• [Task requirements] In full and without alteration, print the records below, minus any images.

• [Recorded data]
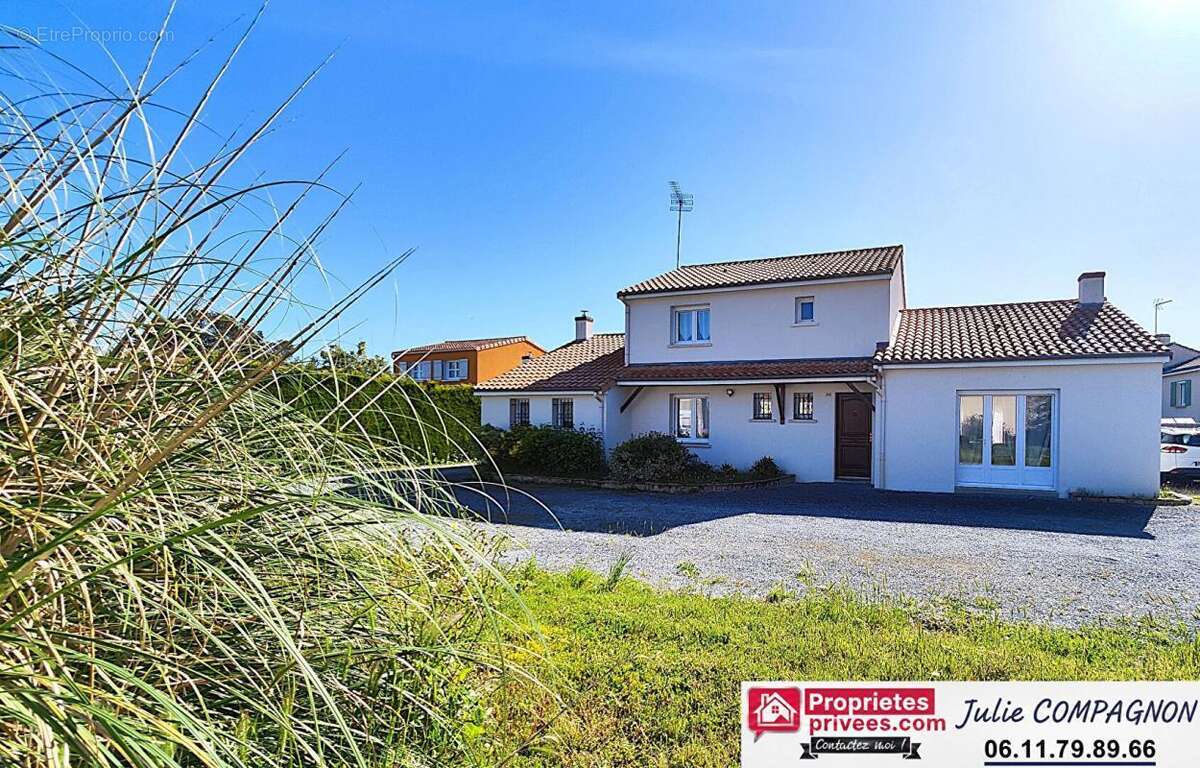 Maison familiale de 145 m² env. avec 4 chambres, garage et grand jardin - photo 16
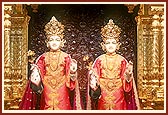 Bhagwan Swaminarayan and Aksharbrahma Gunatitanand Swami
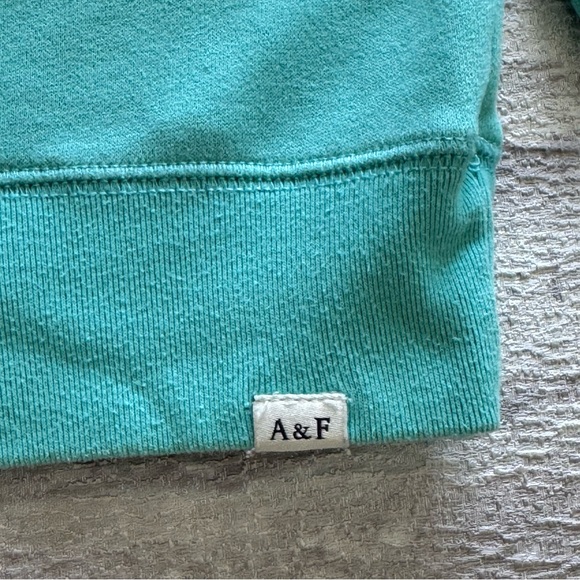 Abercrombie Kids Aqua Crewneck Sweater, Size 11/12 - Picture 5 of 10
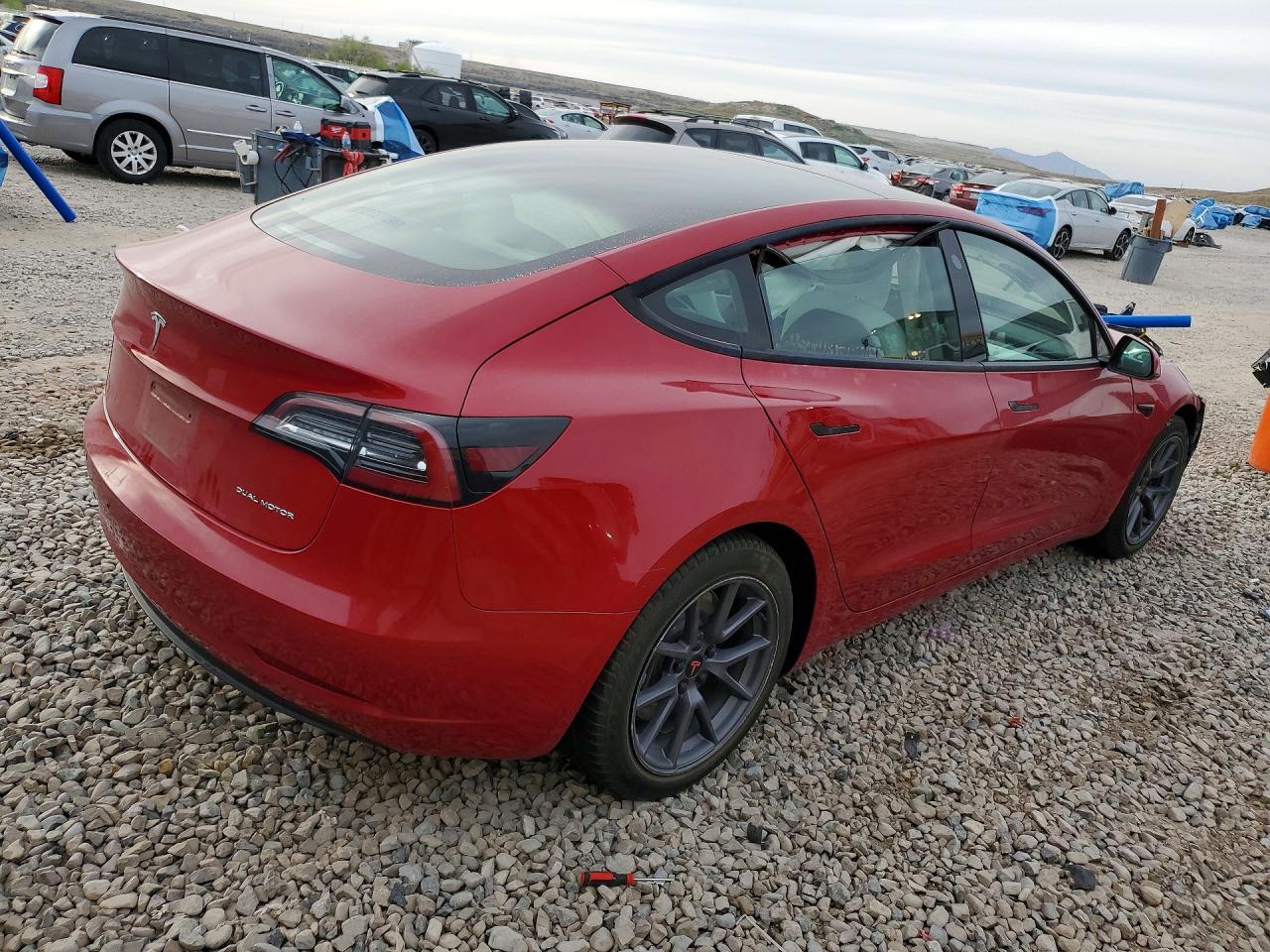 2021 TESLA MODEL 3 photo 3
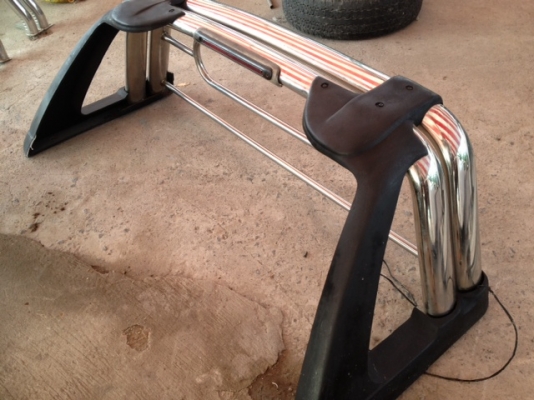 ขายโรลบาร์คู่ มีกั้นกระจก TOYOTA VIGO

• [Answer]
 Maison familiale de 145 m² env. avec 4 chambres, garage et grand jardin - photo 16
 Bhagwan Swaminarayan and Aksharbrahma Gunatitanand Swami
 Abercrombie Kids Aqua Crewneck Sweater, Size 11/12 - Picture 5 of 10
 2021 TESLA MODEL 3 photo 3
 ขายโรลบาร์คู่ มีกั้นกระจก TOYOTA VIGO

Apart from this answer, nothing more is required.